The more meaningful data you can collect from the beginning, the more data you have to make better decisions. Understand that collecting data is critical but making sense of it will take some effort among you and your team.
It’s also important to balance the type of data you need. For example, security and privacy is a critical consideration when it comes to collecting user data. Collect only what you need to make the product better for the user—and do not do anything that risks breaking people’s trust. Always put your user first when it comes to data.
Don’t be hard on yourself when you first establish the means to collect this data. The truth is, you probably won’t hit on the right things to measure right off the bat. What is important is that you establish some metrics you want to track, set the direction for your team, enable tracking and watch the data as it comes in.
How much data do you need?
- Reach statistical significance. You want enough data to clearly define the result. While the number of users will be small in the beginning, if you have 100 users and only receive affirmation from a user test from three of them without understanding the behavior or needs of the rest, you’ll likely make a poor decision.

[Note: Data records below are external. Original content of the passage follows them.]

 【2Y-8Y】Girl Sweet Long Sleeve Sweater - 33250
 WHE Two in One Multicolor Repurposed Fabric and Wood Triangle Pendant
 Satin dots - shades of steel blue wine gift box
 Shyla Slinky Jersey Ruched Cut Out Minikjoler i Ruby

- Discuss hypotheses. Work with your team to discuss the hypothesis around product enhancements and set a goal for what you hope the change will achieve such as % increase in activation or revenue. It’s a guess at first, but once you start setting goals and experiencing results, these guesses become more realistic over time.

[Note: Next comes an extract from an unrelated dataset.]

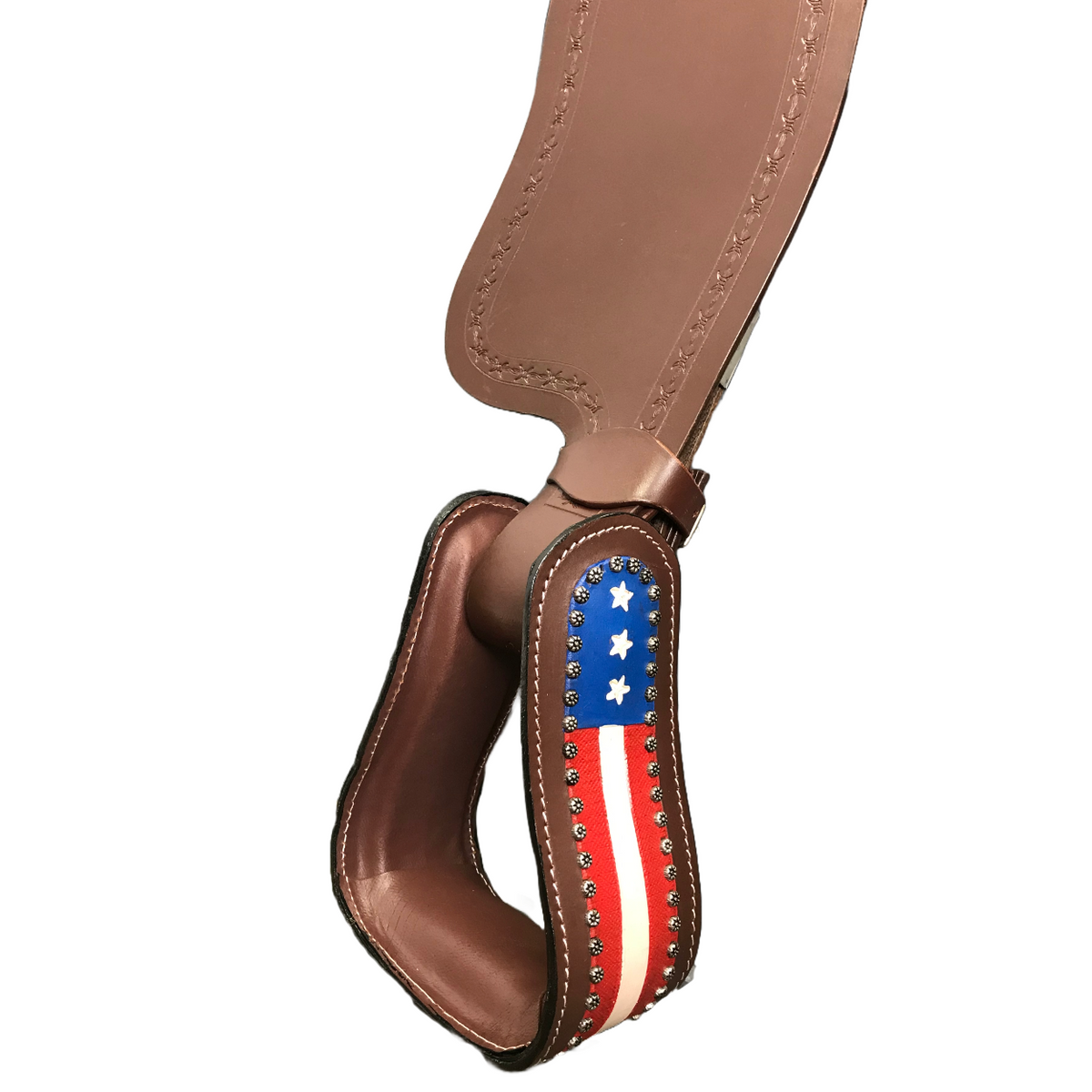 Estribos western de cuero para adultos con bandera estadounidense patriótica Tahoe Tack
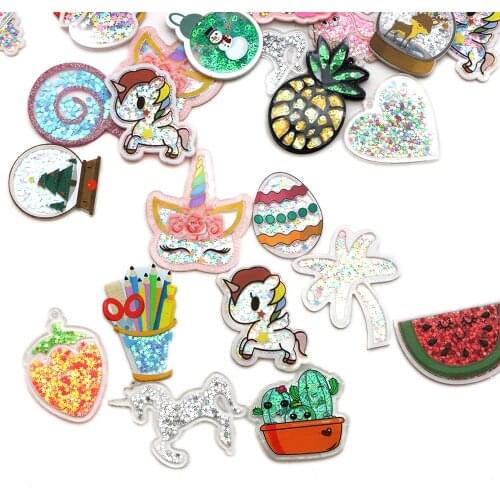 2pcs/set Fruit Strawberry Acrylic Shakers (Random pattern) Quicksand For Phone Case Decoration,DIY Hair Bow Decor,1Yc15638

- Test incrementally. Gradually build towards the goal so that you can invest into a project and receive feedback from customers each step of the way. Make it possible through your product to release small, iterative pieces and try the changes with a small set of customers at a time so as to not disrupt everyone during the process.

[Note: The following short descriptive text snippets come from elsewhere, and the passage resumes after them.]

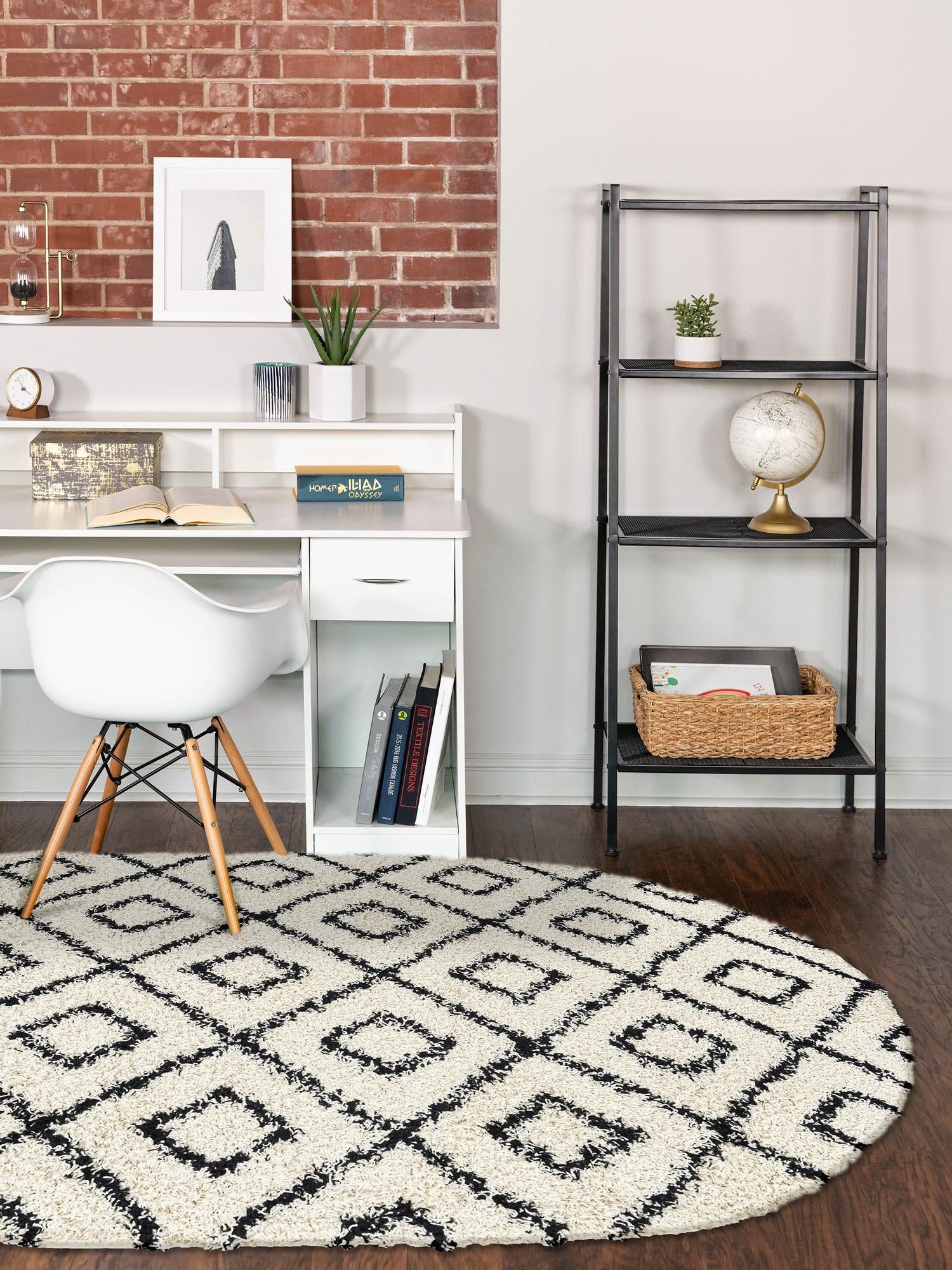 White and Black 5' 3 x 8' Trellis Shag Oval Area Rug Thick Soft Touch Fluffy & Plush Shaggy Pile Geometric Modern Unique Carpet for Home Interior Design for Sale at Rug Engine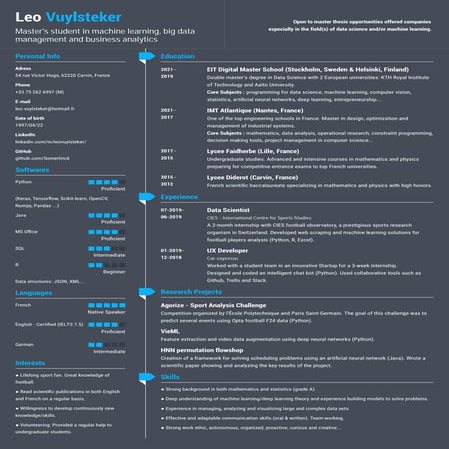 Léo Vuylsteker - CV (English)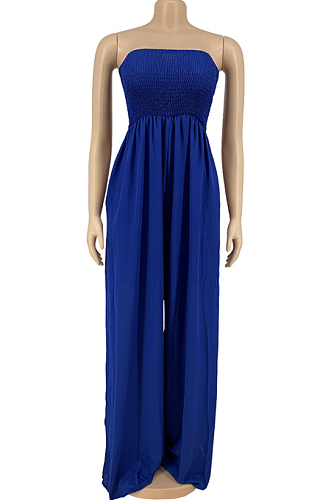 Blue Fashion Sexy Boot Tube Top Shirred Detail Wide Leg Jumpsuits DN8615-1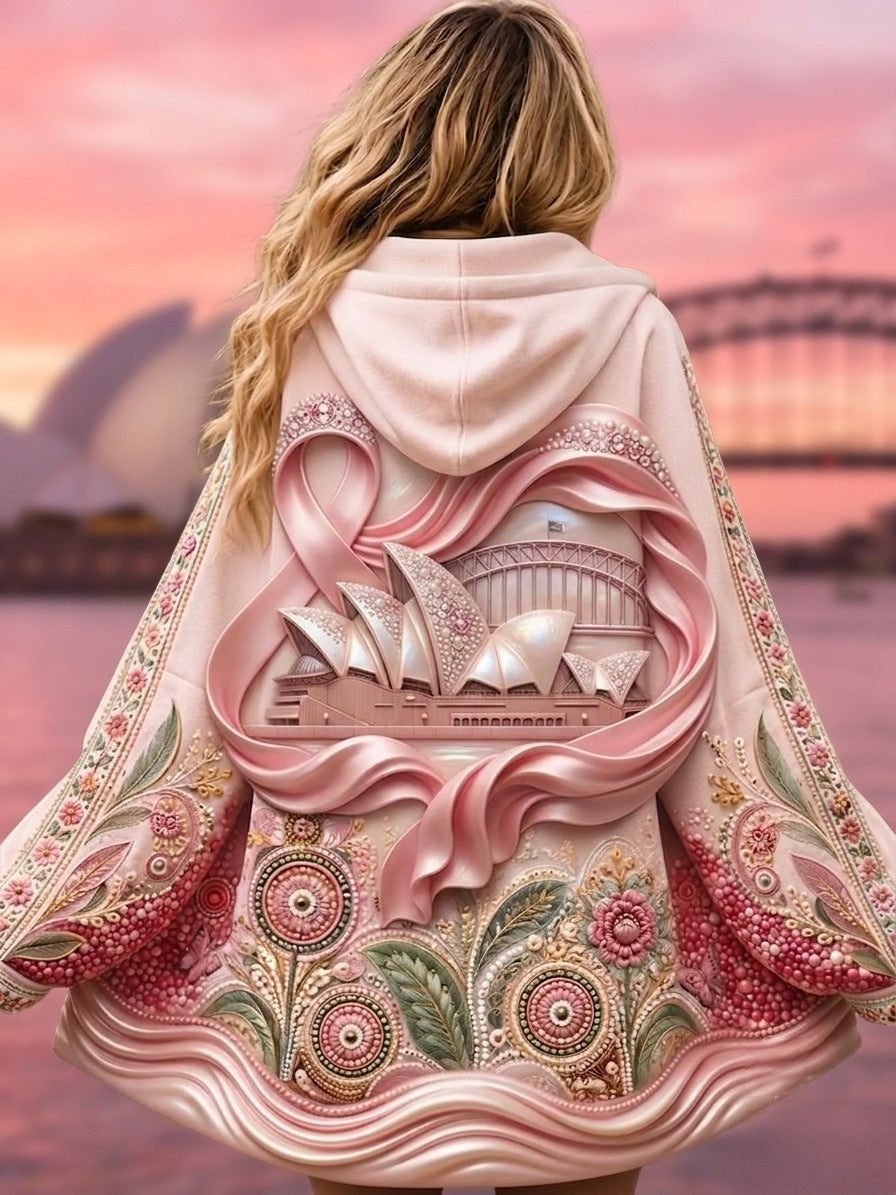 Australischer Brustkrebsbewusstseins-Kapuzenpullover mit Reißverschluss für Damen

- Watch the data for results. Build, release, watch your metrics and build again based on what the data is telling you. Or stop building and question what you are working on if it’s telling you that as well. This can be hard to do after having invested the teams time in building an enhancement. At Docket, we made an assumption early on about how our users would want to collaborate within the product and invested time and energy from the entire team architecting the solution. The data kept telling us otherwise, so we decided to refocus our attention on more impactful features and set the project aside to learn more. Spending a lot of time building something isn’t justification for forcing it into the product if it’s not helping you meet your goals. In the end you’ll only confuse and alienate your user base.
- Keep trying. Trial and error is the name of the game. An error is not a failure but rather a sign that tells you which direction to go.
What happens next?
Don’t let analysis paralysis slow you down. It’s more important to measure the state of the business versus spending a lot of time debating or over-analyzing. Be okay with guessing in the beginning and the data will point you in the right direction.
What should you continue to do with the metrics?
- Find product-market fit. While some product ideas may be extremely straightforward, many require testing and observation to find the right audience and product direction. Continue using the data to find where the product fits best and watch it take off.
- Reshape your story. As product-market fit becomes more obvious, use the data to reshape your story with investors and through your website and marketing initiatives.
- Follow the feedback. Make better decisions for your product by using the data you receive through the metrics you are tracking.
Remember that everything about your product is a learning experience and should continue to be no matter what stage you are in. Using metrics from the beginning of your startup journey will help you and your team have a greater connection to the purpose and mission of your product and create an amazing story you can share with greater confidence.